Volatile drops can levitate on hot substrates by forming a thin vapor layer beneath them. The minimum temperature for stable vapor layer formation is called the Leidenfrost point, but the transition mechanism remains unclear. To investigate this, we studied the liquid–solid contact of Leidenfrost drops below the Leidenfrost point. Steady-state, pancake-like water drops were generated by sandwiching water between a hot substrate and a glass capillary, forming nearly flat vapor films while maintaining constant volume. Vapor film shapes (with thicknesses on the order of $10^0$ $\mu m$, confirmed experimentally and by a heat conduction model) were observed by interferometry. Although the films were generally stable for several minutes, microscopic perturbations consistently appeared and stochastic, sudden liquid–solid contacts, likely induced by van der Waals interactions, occurred at a peak of the perturbations.
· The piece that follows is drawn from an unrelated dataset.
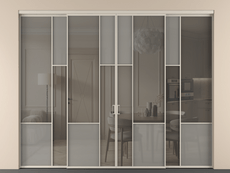 Перегородка Mosaic внутри проёма 4 створки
The selection rules for the wavelength and amplitude of the perturbation (measured as $\sim$300–400 $\mu m$ and $\sim$2 $\mu m$, respectively) were revealed by scaling analysis, derived from the balance between the vapor flow pressure drop and local Laplace pressure. Because the wavelength and amplitude were nearly insensitive to substrate temperature for a given drop radius, liquid–solid contact likely occurs when the vapor thickness approaches the perturbation amplitude. The liquid–solid contact is then driven by the natural resonance of the drops, which induces van der Waals interactions. Additionally, the effects of high (sapphire) and low (quartz) conductivity substrates were examined using an unsteady heat-conduction model, revealing that low-conductivity substrates exhibit larger local cooling, potentially promoting contact events.